I'm not psychic by any means, but I am empathetic. It's not that I can always tell what other people feel, but I almost always feel what they feel to some level.

I think we're all born with this ability, but learn to tune it out as we get older. If you watch small children, they laugh when other children laugh and they cry when other children cry, even if they don't know what they're laughing at or crying about. As we get older, these empathetic feelings get in the way of whatever we're trying to do or whatever we're trying to feel so we learn to block them out. They're still there though, always there.

The problem is that most of the time other people feel angry or annoyed or frightened or distracted and almost always lonely. Feeling those emotions of your own is bad enough, but when you share them from the people you encounter, it can become quite a burden.

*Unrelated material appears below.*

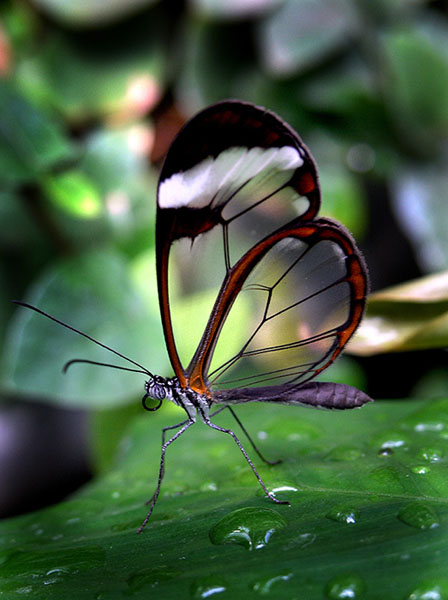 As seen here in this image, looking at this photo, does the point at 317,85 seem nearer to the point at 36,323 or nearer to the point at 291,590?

It can be such a burden, that sometimes I prefer not to be around anyone at all. Feeling nothing but my own thoughts and my own emotions, although quite lonesome at times, is often better than sharing the suffering from the rest of the world.

A friend once suggested that I surround myself with happy, successful people and then I wouldn't mind sharing their empathetic experience. There problem there is that most happy, successful people don't usually feel that way, and if they do, they're often almost completely empty inside.

There is a payoff though. People do sometimes feel joy, love, laughter and beauty. Sharing these emotions with them can be a privilege. These things are valuable though because they're rare, and sometimes it can be a long dry patch between bright moments.

Sometimes I meet people whose need to share what they're experiencing is so great, that being around them almost crushes me. I let them do it though because I can feel how badly they need to share their experience, but it's pretty draining, and afterward I usually need sometime alone to recharge.

John Donne said "No man is an island", but he's wrong. All men are an island. We're close enough to signal each other and exchange goods, but ultimately we have to isolate ourselves to keep any identity at all.